*ASSIGNMENT*
The required output is the run of lines from the one holding "Maison à vendre 15 pièces 266 m² La Tronche" through the final line of the listing, restated word for word, with no pictures.

*DATA SHOWN*
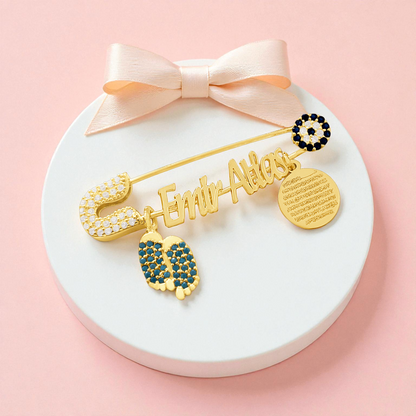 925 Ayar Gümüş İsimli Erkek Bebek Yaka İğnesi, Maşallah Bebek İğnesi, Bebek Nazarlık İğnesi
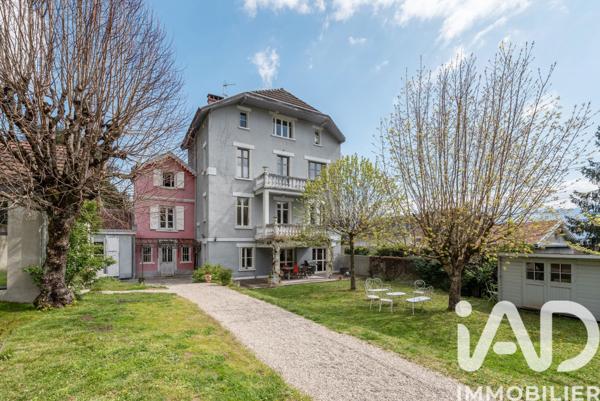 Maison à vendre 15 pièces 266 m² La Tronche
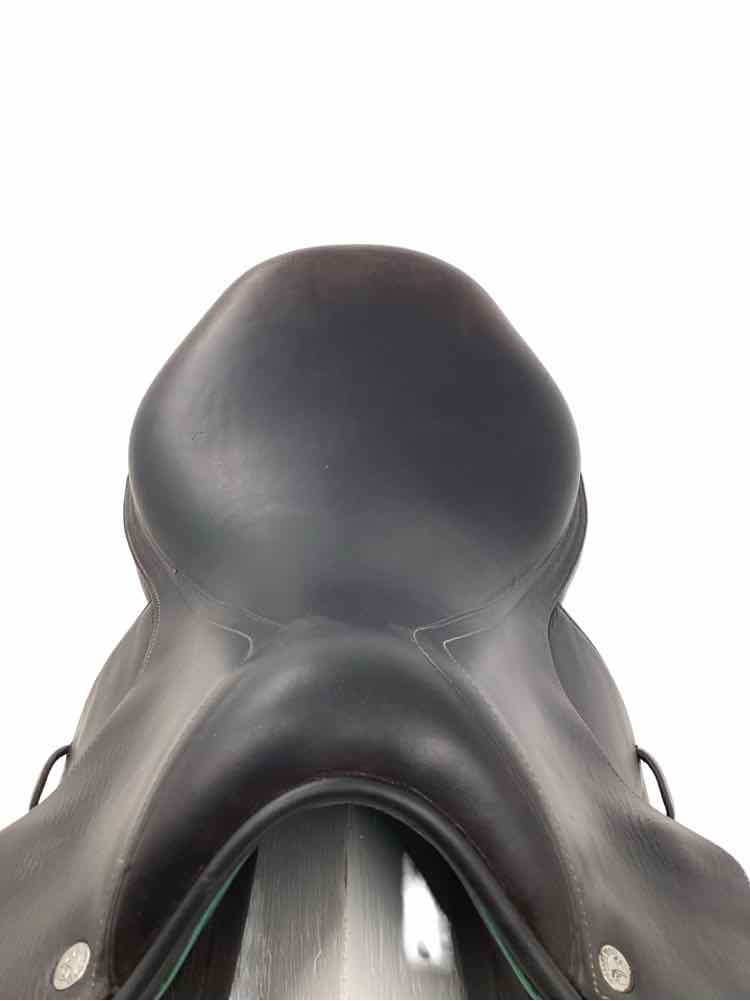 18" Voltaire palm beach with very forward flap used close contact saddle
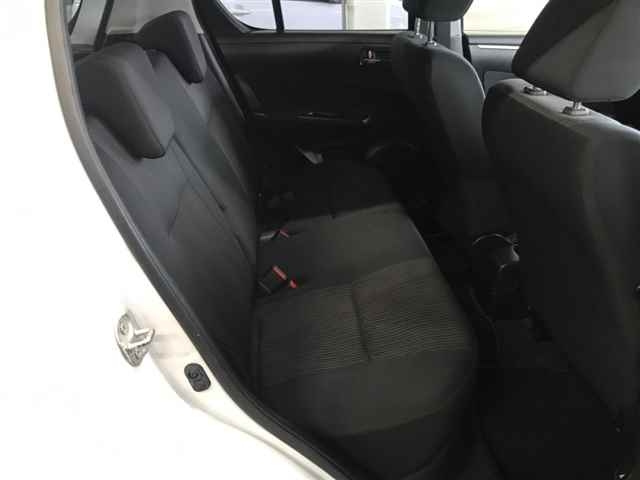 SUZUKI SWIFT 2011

*SOLVED EXERCISE*
 Maison à vendre 15 pièces 266 m² La Tronche
 18" Voltaire palm beach with very forward flap used close contact saddle
 SUZUKI SWIFT 2011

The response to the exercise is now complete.